## AVAILABLE DATA:

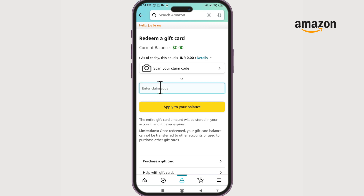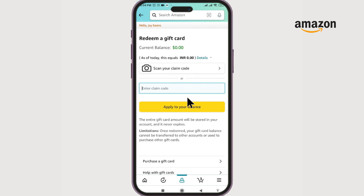Now from our gift card, we must have a claim code — the 15 or 14 character long gift card code. You have to enter it here without the dashes, and click on 'Apply to your balance.' The gift card amount will then be added to your current balance.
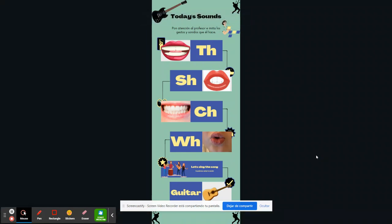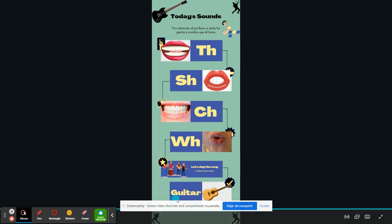Hello, today I am presenting the sounds of lesson number seven, specifically the lesson plan. We are presenting the sounds TH, SH, CH, WH, and as a little vocabulary part, the key sounds for this lesson.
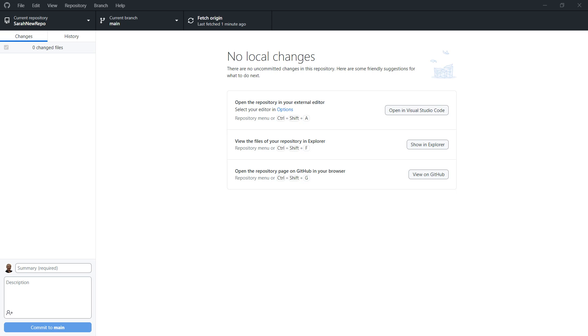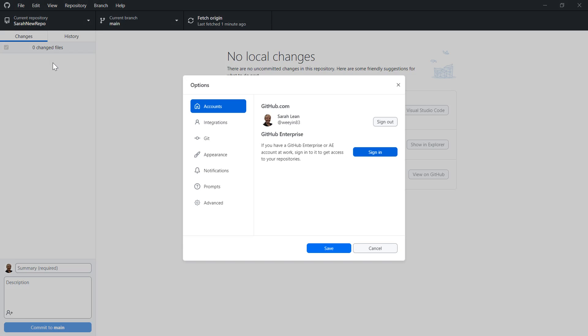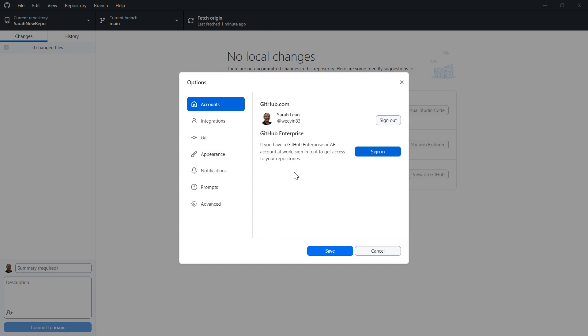So here we are inside GitHub Desktop and this is the latest version, 3.3.3. And if we head on over to file and then options, we then get this dialog box inside here and we have accounts.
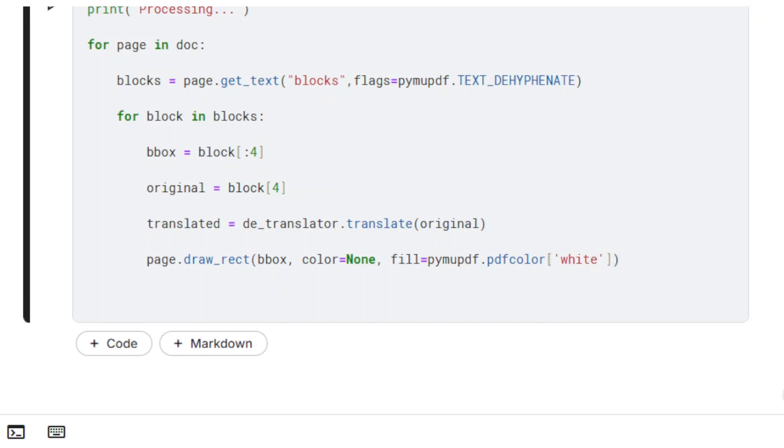The translated text can now be inserted using the method InsertHTMLBox.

## TASK STATEMENT:
Your answer must be the full listing, copied exactly, with no pictures in it.

## TASK RESPONSE:
Now from our gift card, we must have a claim code — the 15 or 14 character long gift card code. You have to enter it here without the dashes, and click on 'Apply to your balance.' The gift card amount will then be added to your current balance.
Hello, today I am presenting the sounds of lesson number seven, specifically the lesson plan. We are presenting the sounds TH, SH, CH, WH, and as a little vocabulary part, the key sounds for this lesson.
So here we are inside GitHub Desktop and this is the latest version, 3.3.3. And if we head on over to file and then options, we then get this dialog box inside here and we have accounts.
The translated text can now be inserted using the method InsertHTMLBox.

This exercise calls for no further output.